───── RECORDED INFORMATION

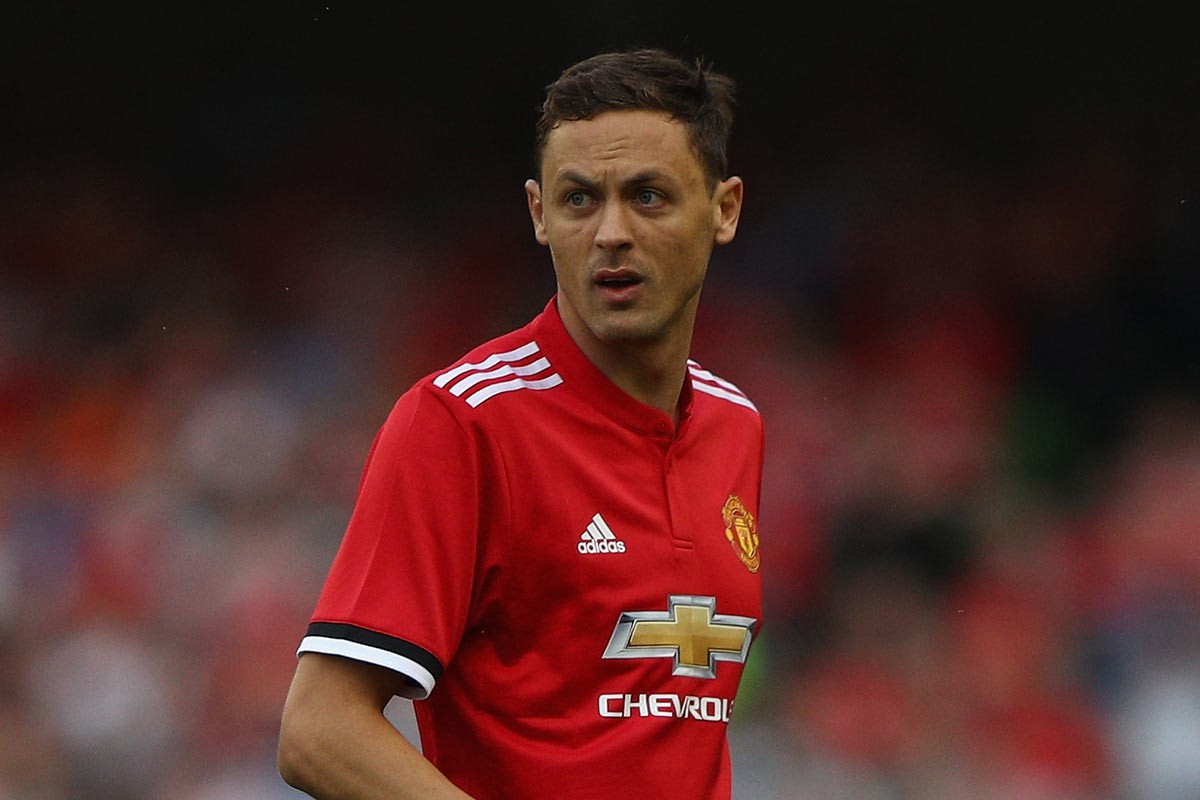 后便因伤病 后便因伤病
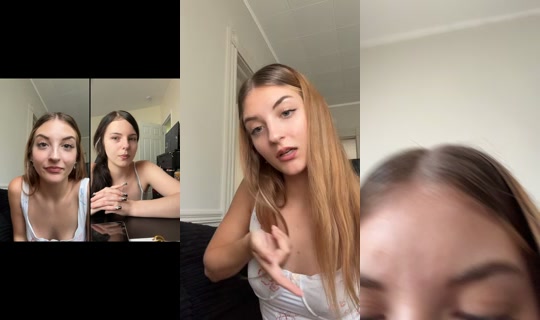 sweetie_p.1.e's Live Session — Jun 18, 2026, 7:09 PM
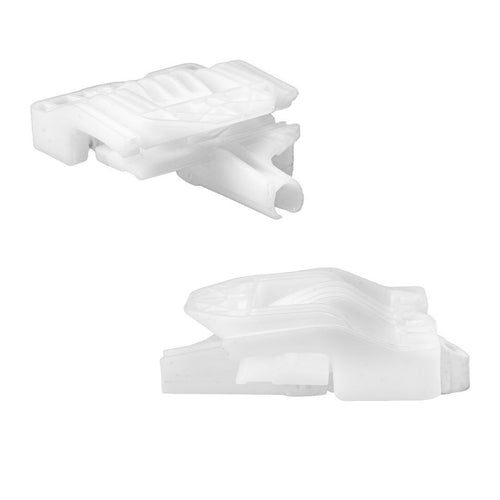 Kit Alzacristalli Laterale Destro/Sinistro BMW X6 E71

──────────

YOUR TASK —
When you write out the material above, keep every line exact and drop each picture.

ANSWER TO THIS EXERCISE —
 后便因伤病 后便因伤病
 sweetie_p.1.e's Live Session — Jun 18, 2026, 7:09 PM
 Kit Alzacristalli Laterale Destro/Sinistro BMW X6 E71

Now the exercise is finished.